# '08 Trek 6.9 Pro replacement frame



## joelbolt (Feb 9, 2008)

Hi - I'm a longtime lurker to the forums. I enjoy everyone's contributions. Here's my deal...

I purchased a brand-new 2008 6.9 Pro Madone early last month (Feb) and discovered a crack in the headset last week. I took it into my LBS (Trek Store) and the manager said he didn't feel safe allowing me to ride the bike and they needed to send the frame back to Trek. They gave me a loaner bike, which I appreciate. Today I talked with my LBS and they said "good news" Trek is sending out a brand-new 2009 6.9 Pro. Here's the catch it's the Astana team colors, but I really (really) don't like the look of this bike. Plus my wheelset won't match the Astana color scheme, tons of other stuff I have no longer match. It's a little superficial, but I really don't like this color scheme. The big factor in buying the bike was the color. I'm a little frustrated that they assume that because I'm getting the newer frame I should be happy even though it's not a color I prefer. What should I do?


----------



## Rubi13 (Sep 6, 2007)

I would have your dealer talk to Trek and explain to them your situation. They have a custom and semi custom paint program now. I would think that it would be pretty easy for them to paint a frame. Then again, I'm not really sure how their warranty department works.


----------



## zac (Aug 5, 2005)

There is no difference between the '08 & '09 framesets other than an RDH. I would not accept the Astana frame, especially since it probably has your mismatched 08 fork attached to it (unless they warrantied that too). Tell them about your color choise. 
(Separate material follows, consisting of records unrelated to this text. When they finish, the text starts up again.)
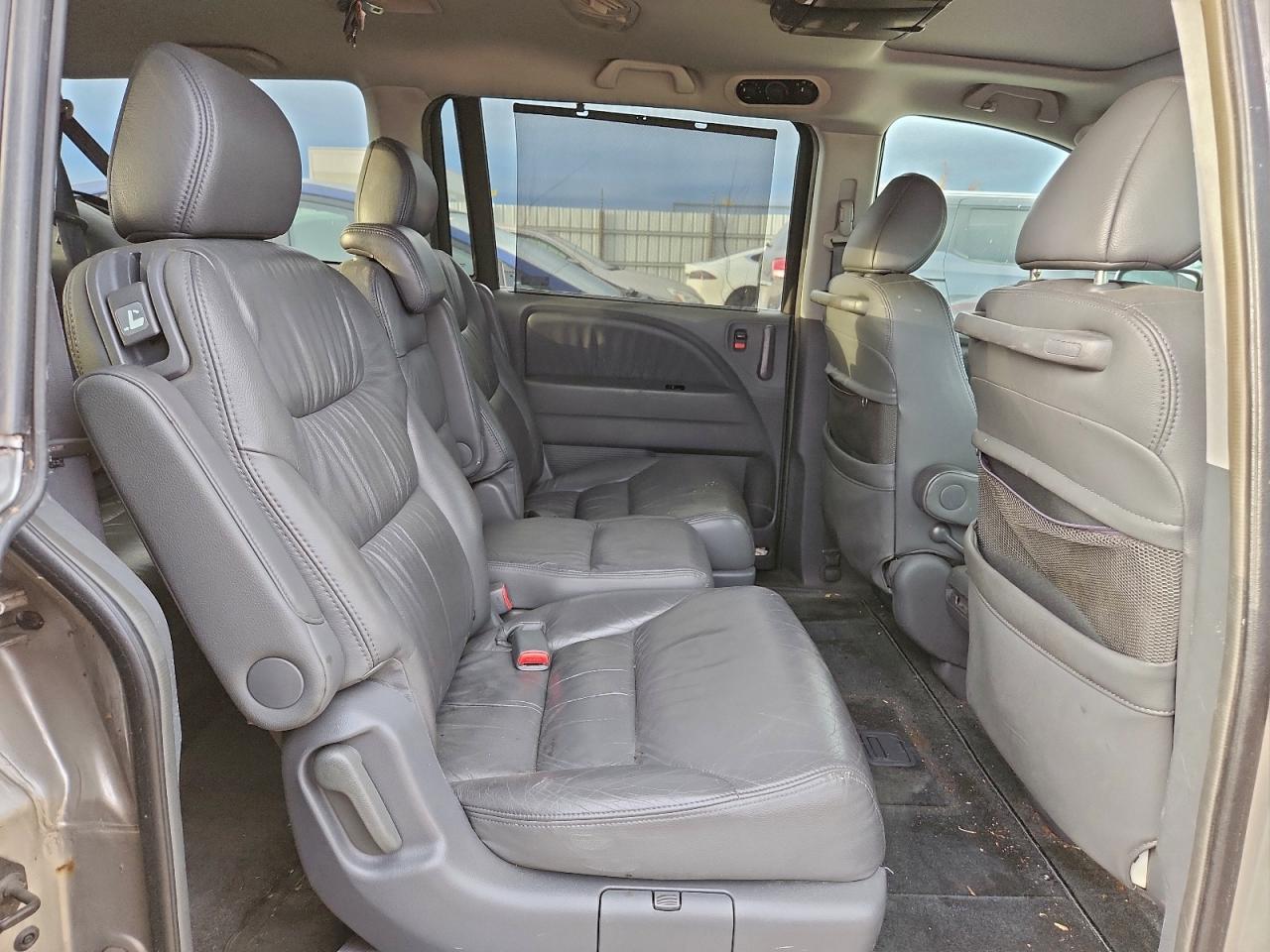 2006 HONDA ODYSSEY EXL photo 11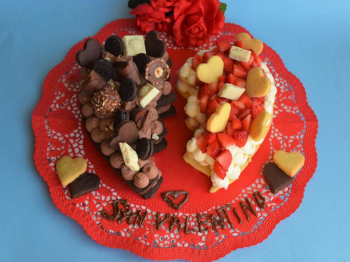 Cream tart ''dolce metà''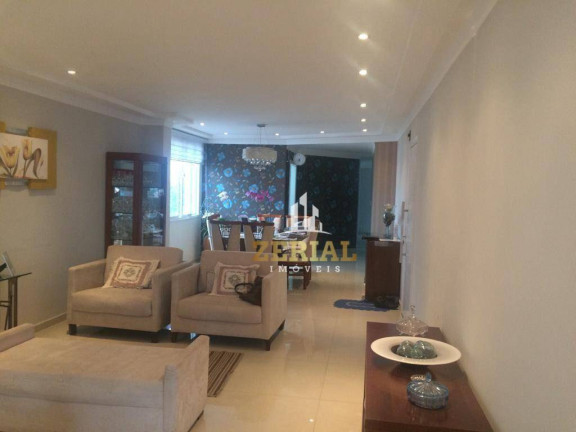 Apartamento com 4 Quartos à Venda, 195 m² em Barcelona - São Caetano Do Sul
I also had an early 08 red series replaced by Trek. They painted the new 09 frame to match the old color scheme. So I know they can do it. Then again my replacement wasn't handled as a warranty.

zac


----------



## joelbolt (Feb 9, 2008)

Thanks for the replies. 

I didn't even think to ask about the forks, good catch. 

I'm planning on talking with the manager tomorrow. Talked with one of the guys on the floor today and he thought I can probably pick from one of the 4 stock colors. But he wasn't really sure and told me I will need to talk with the manager. Tell you the truth, I don't even like the '09 stock colors either. I'm hoping I can convince them to repaint the '08 color scheme or let me do the solid color that's on the Project One website. However, I did notice they charge $299 extra for the solid color option. I'll find more out tomorrow, I guess.


----------



## acckids (Jan 2, 2003)

I was in my Trek store a few months ago and they had a yellow Madone with a solid black fork. I asked what was up with the solid black fork and he said it was the replacement for the original yellow fork that had a defect. I asked "Aren't they going to color match the fork? and he said nope. I was suprised.


----------



## slideeslide (Feb 1, 2007)

I just went through this with Trek. The manager at your store not being very helpful. Trek can offer you one of the four stock paint schemes as they have those ready and in stock. They also can offer you solid colors with small decal options.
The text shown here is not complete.